Appellate Division Reverses PERC Decision on Dynamic Status Quo

March 10, 2016  |  By: Joseph M. Hannon, Esq.

For many years, public employers were required to pay increments on an expiring salary guide for its unionized workforce under a doctrine known as the dynamic status quo.  This doctrine was created by the Public Employment Relations Commission (“PERC”) in interpreting the Employer-Employee Relations Act, N.J.S.A. 34:13A-1, et. seq.  Recently, PERC abandoned the dynamic status quo doctrine in two matters holding that the doctrine no longer served the purposes of prompt labor disputes.  Accordingly, public employers were not required to pay increments upon the expiration of a collective negotiations agreement.

In the companion cases of County of Atlantic and PBA Local 243, et. al. and Township of Bridgewater and PBA Local 174, the Appellate Division reversed  PERC and held that PERC acted outside of its legislative mandate in abandoning the dynamic status quo.

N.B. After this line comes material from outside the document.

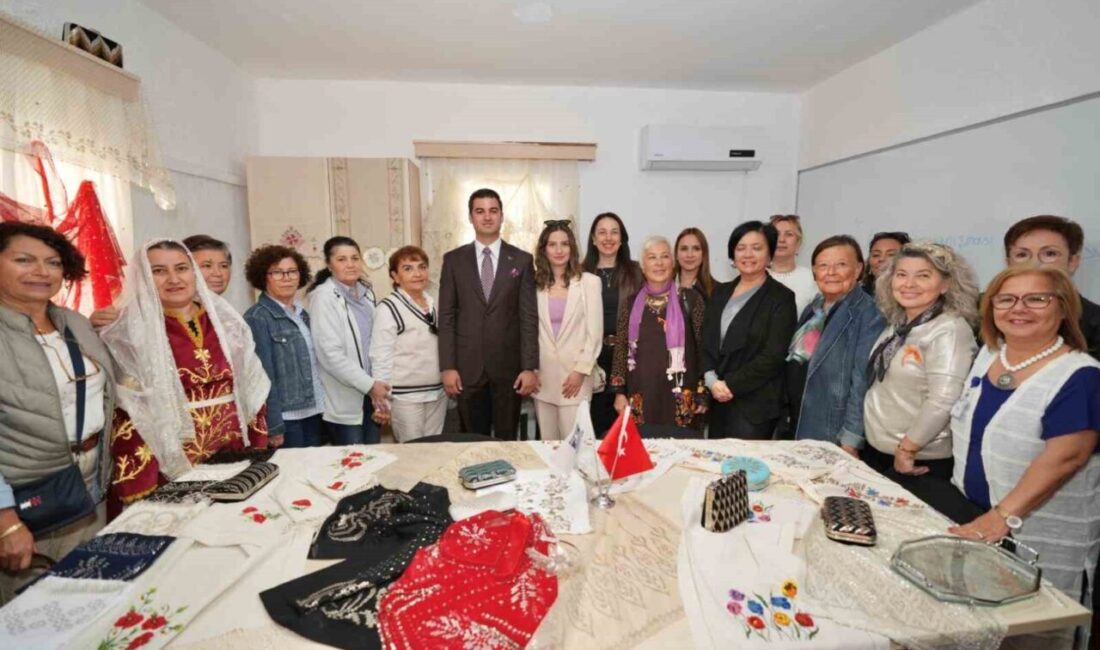 Bodrum Belediyesi, 25 Kasım'da Bitez Mahallesi'nde Kadın Yaşam Merkezi'nin açılışını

PERC utilized the tax cap levy law and the 2% cap on interest arbitration awards as reasons why the dynamic status quo doctrine no longer served the interests of the parties.  PERC, using its expertise in this area, reasoned that these restrictions on public employers put significant restrictions on the parties’ flexibility in negotiations.  Therefore, PERC determined that employers were not required to pay these increments.

The Appellate Division reasoned that PERC went too far in abandoning the dynamic status quo doctrine.  The court determined that the tax cap levy law and the cap on interest arbitration law did not prohibit the payment of increments on an expired collective negotiations agreement.  Further, the court indicated that PERC did not appropriately interpret the Act.  In essence, public employers are free to negotiate not paying the increments or determining other methods to recoup the salary increments.

The practical effect of the decision is that public employers will again be subject to the dynamic status quo doctrine.  Accordingly, unless negotiated otherwise, salary increments will have to be paid once a collective negotiations agreement has expired and an agreement on a successor contract has not been reached.